When in Rome: priests, bishops should wear cassocks

When in Rome: priests, bishops should wear cassocks November 19, 2012

It’s back to the future.  Again.

Details:

Bishops, priests and religious should wear the formal long robes of a cassock during most occasions when visiting Rome, a high-ranking Vatican official has said.

Cardinal Tarcisio Bertone, the Vatican’s Secretariat of State, made the request for the formal dress in a letter released during last month’s Synod of Bishops.

It came at the bequest of Pope Benedict XVI, reports a posting at veteran Italian journalist Sandro Magister’s site at the Italian newsmagazine l’Espresso.

Bertone’s letter, first made public Monday but dated Oct. 15, asks bishops and cardinals “kindly to guarantee” the observance of a 1982 letter by Pope John Paul II on the matter.

That letter, written by the deceased pontiff to the then-vicar general for the diocese of Rome, asked that priests wear the more formal dress as a “distinguishing mark” which contributes to “the beauty of the priest in his external behavior.”

Bertone, according to a translation at Magister’s site, asks the bishops and cardinals to recall “the duty of wearing regularly and with dignity the proper habit, in every season, partly in obedience to the duty of exemplarity that is incumbent above all upon those who render service to the successor of Peter.”

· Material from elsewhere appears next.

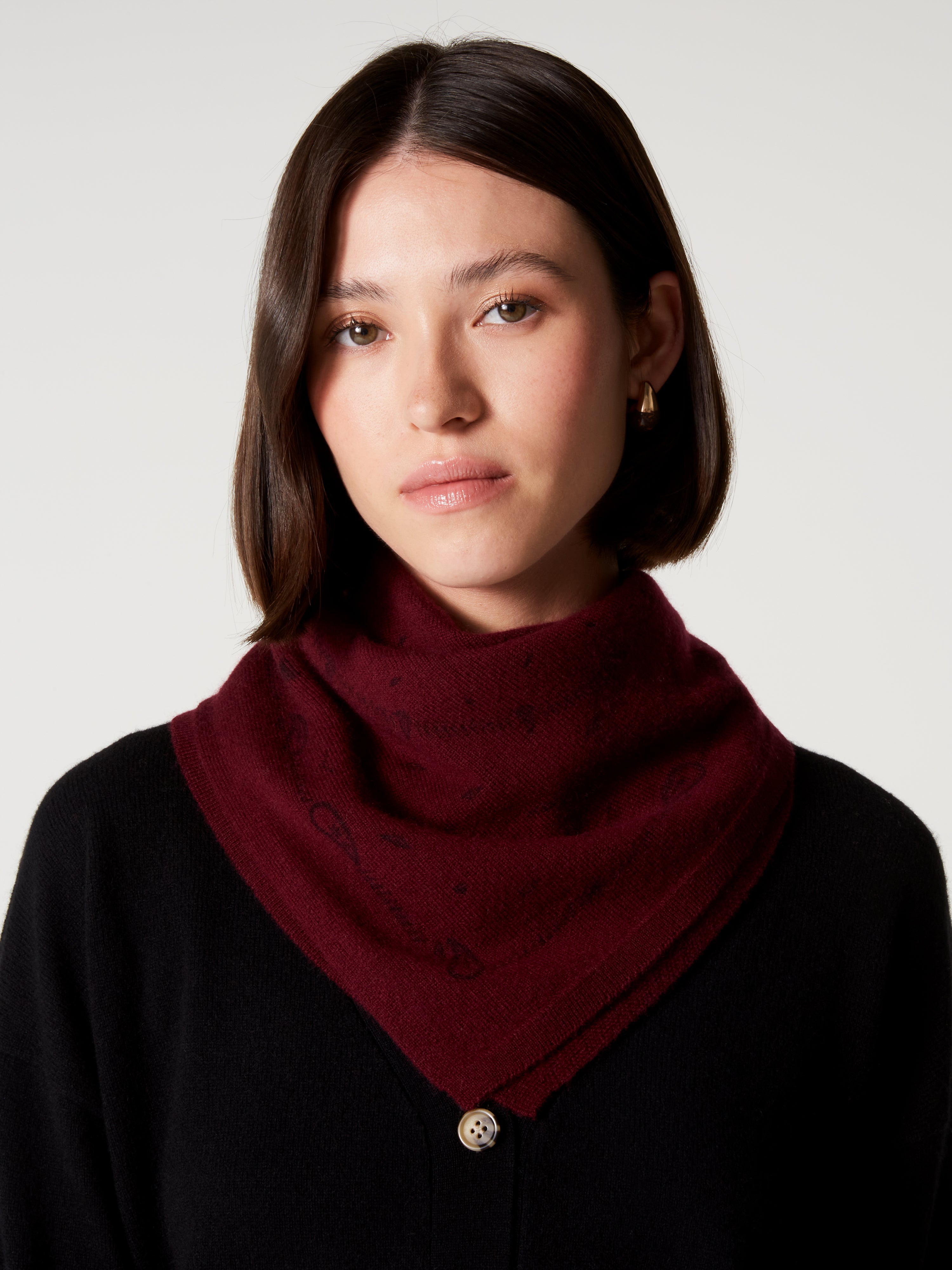 absolut-annabelle-print-bandana-aus-kaschmir-54x54-burgundy image 2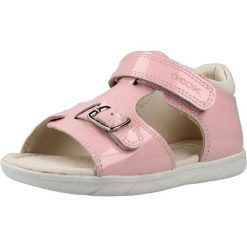 Sandały GEOX B SANDAL ALUL Rose. Czerwone sandały damskie Geox, bez wzorów, ze skóry, bez obcasa, bez zapięcia. Za 189.99 zł.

“The very example of those who, sealed with the episcopal dignity, are faithful to the daily use of the cassock proper to them, during office hours, becomes an explicit encouragement for all, including for the Episcopates and for those who visit the Roman Curia and Vatican City,” Bertone writes.

Read the rest.

Magister’s posting, meantime, has these fashion notes:

The cassock obligatory for cardinals and bishops during office hours. Cassock or clerical dress for priests and monsignors. Specific habit for religious, always and in every season. And for ceremonies in the presence of the pope or during official meetings in the Roman curia: “abito piano,” or cassock with cape, for priests, embroidered cassock for monsignors, and cassock with embroidered cape (called a “pellegrina”) for bishops and cardinals.